Troppo facile. La verità inconfessabile è che in quelle due serate televisive che è consigliato di non essersi perso, la Rai ha mandato in onda in onda una sorta di anticipo della riparazione morale ed economica dovuta a Daniele Barillà, presente venerdì alla conferenza stampa di presentazione dello sceneggiato nella sede storica della Rai di viale Mazzini a Roma. Barillà, come si diceva, oggi è ancora alle prese con una burocrazia che dopo 8 anni di carcere patiti ingiustamente per uno scambio di persona ancora non ha ritenuto di liquidargli i 4 milioni di euro chiesti come parziale risarcimento per una vita distrutta, una madre morta, un’azienda fallita.

Daniele Barillà, come racconta Stefano Zurlo, un cronista de "Il giornale" di Berlusconi, venne ritenuto un innocente persino dall’ex procuratore capo di Milano Francesco Saverio Borrelli che nel 1995, quando l’uomo era in carcere da oltre 3 anni, scrisse una lettera aperta ai suoi colleghi di Livorno e Genova per invitarli a riaprire il caso. In quegli anni il caso di Daniele Barillà fu forse l’unico evento giudiziario in cui si trovavano d’accordo tanto i cronisti del quotidiano del cavaliere quanto il capo della procura della Repubblica che lo indagava ormai da un anno per svariate ipotesi di reato dopo averne fatto perquisire gli uffici per centinaia di volte dalla Guardi di Finanza. La palese innocenza, la buona fede quasi masochistica di Barillà, che nello sceneggiato traspaiono, erano riuscite nel miracolo di coagulare attorno al suo caso una sorta di opinione bipartisan che comprendeva tanto i giudici milanesi quanto quella parte di opinione pubblica che milita dalla parte di Berlusconi. Ciò nonostante il meccanismo diabolico non si inceppò e Barillà si dovette fare più carcere di quanto in media se ne fà qualsiasi boss di medio o di alto calibro anche pregiudicato della mafia della droga.

Revisione che poi venne ottenuta solo nel 2001, in uno dei pochi casi andati in porto nella storia patria. Barillà, che venne scambiato nella realtà come nella fiction (in cui è impersonato da Beppe Fiorello) per una staffetta di un’organizzazione dedita al traffico in grande stile di cocaina, deve la propria sfortunata vicenda, peraltro conclusasi con un parziale lieto fine che è l’eccezione e non la regola nella giustizia italiana, ai metodi disinvolti con cui alcuni uomini di polizia giudiziaria (oggi tutti finiti sotto indagine, alcuni in carcere e altri condannati definitivamente) fanno i pedinamenti, registrano le targhe delle macchine inseguite e incrociano i dati in loro possesso.

Per non parlare di come fanno le intercettazioni telefoniche o ambientali.
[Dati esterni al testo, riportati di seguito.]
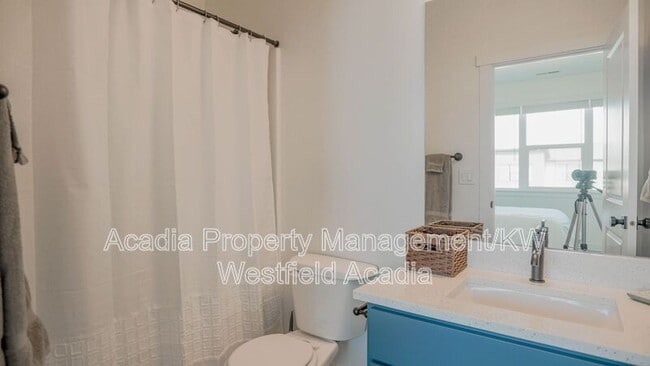 Building Photo - 429 Willow Leaf Rd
Un caso illuminante lo abbiamo nella famosa trascrizione a mano dei colloqui tra Squillante e i suoi coimputati nella famosa vicenda del bar Mandara, dove la microspia messa dalla polizia giudiziaria dello Sco si era rotta. Arrestato, prima, e introdotto nell’inferno carcerario, poi, Daniele Barillà ha perso tre gradi di giudizio prima che una coscienziosa pm milanese, Francesca Nanni, si accorgesse che in quella condanna definitiva a 15 anni di reclusione per traffico di droga qualcosa non tornava. Nello sceneggiato la pm ha le bellissime fattezze di Antonia Liskova.
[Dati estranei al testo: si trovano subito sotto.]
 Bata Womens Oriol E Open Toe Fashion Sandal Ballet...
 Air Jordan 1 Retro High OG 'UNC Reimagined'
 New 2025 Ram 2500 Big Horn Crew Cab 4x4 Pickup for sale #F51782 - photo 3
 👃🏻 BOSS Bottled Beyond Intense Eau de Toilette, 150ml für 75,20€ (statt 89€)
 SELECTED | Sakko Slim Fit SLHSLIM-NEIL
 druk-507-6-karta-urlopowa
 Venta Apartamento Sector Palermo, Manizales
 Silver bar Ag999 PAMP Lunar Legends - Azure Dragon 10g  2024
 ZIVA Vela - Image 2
L’unico, o quasi, giornalista italiano ad occuparsi di questa vicenda nei primi anni ‘90 fu il cronista giudiziario Stefano Zurlo, de "Il giornale", che riuscì a convincere persino Borrelli della buona fede di questo imputato che nella fiction tenta anche il suicidio in carcere. L’ingranaggio che lo stritolò dal versante giudiziario si chiama "patteggiamento", un’arma a doppio taglio che aiuta i delinquenti a uscire dopo pochi mesi dall’arresto e inguaia gli innocenti perché nessun gip da retta a loro quando si proclamano per tali. Specie se le apparenze sono tutte contro.
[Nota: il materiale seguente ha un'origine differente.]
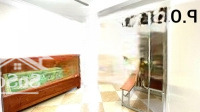 Căn Hộ Dịch Vụ, Dòng Tiền Siêu Vip 2 Tỷ / Năm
Per colmo delle coincidenze della sorte, uno dei carabinieri che pedinava "l’uomo sbagliato", cioè il Daniele Baroni della fiction, era proprio quel capitano "ultimo" che oltre ad avere arrestato Totò Riina il 15 gennaio 1993 divenne a sua volta protagonista di un fortunato serial Rai. Tanto che lo stesso Barillà ha raccontato con una punta di amara auto ironia che quando lui venne a sapere la cosa dai giornali mentre ancora si trovava in uno dei 24 penitenziari che gli venne fatto girare dall’amministrazione di via Arenula dell’epoca, disse al suo avvocato questa frase: "prima di sconfessare la testimonianza di un eroe come lui mi faranno fare altri quattro anni di galera". Cosa che puntualmente avvenne. In conferenza stampa, nonostante tutto, lo sfortunato protagonista di una realtà che supera persino le proiezioni fantastiche di quella fiction che alla sua storia si ispira, ha tenuto a dire che lui crede ancora alla giustizia, ha sempre avuto fiducia. E ce l’ha anche oggi mentre aspetta ancora un risarcimento che non potrà dargli indietro la madre morta di dolore né l’azienda venduta per pagare gli avvocati. Un record di buona fede. Si potrebbe dire. O di ingenuità. Al risarcimento in verità oggi come oggi la burocrazia si oppone.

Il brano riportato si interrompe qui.